Square-foot gardening (SFG) is one of the more popular ways people are growing their own food these days. Unlike the typical garden rows we’ve all come to know so well, square-foot gardens are designed to efficiently utilize space with intensive growing. They are also quite an attractive and orderly way to cultivate a lot of veggies without a lot of tilling or plowing.
Conceived by a retired engineer (and presumably garden enthusiast), SFG has been around since the early 1980s. Mel Bartholomew was simply trying to come up with a replicable method for growing a lot of food in a little space. Rows, which have a corresponding empty row for every cultivated one, were not good for this.

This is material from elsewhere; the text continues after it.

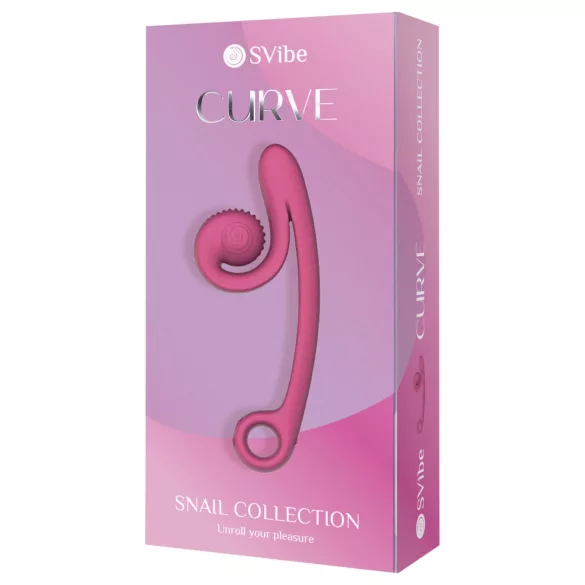 Snail Vibe Curve - 2 в 1 вибратор за клитор (розов)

So, he came up with an interesting way of plotting out raised beds such that they were highly productive with very little maintenance issues.
The Basic Layout
SFG is predicated on squares. Typically, it begins with a four-by-four-foot box, a raised bed, which will later be divided by a grid into 16 one-foot squares. However, the boxes can be any length as long as they are no more than four feet across. This allows the gardener to reach the middle of the garden without having to step on it, thus compacting the soil.
Generally, if there is to be more than one box, they are spaced so as to leave a three-foot pathway between them. This makes getting a garden cart and such into the garden much easier when it’s time to harvest. The path can either be left as grass, or many growers choose to spruce up the pathways with gravel or mulch.
The Growing Medium
Rather than using the native soil, square-foot gardens start with a weed barrier between the ground and a special mix of soil: by volume, one part compost to one part peat moss (coconut coir might be a more ecological option) to one part vermiculite. The idea is to create the ideal growing medium rather than relying on the lawn to have done so for us.
The compost in this mixture provides plenty of nutrition for the plants. The peat moss is great at absorbing and retaining water so that irrigation issues are minimalized, as does vermiculite. They also both keep the soil airy and open to the young roots of vegetable plants. Vermiculite also helps to ensure proper drainage.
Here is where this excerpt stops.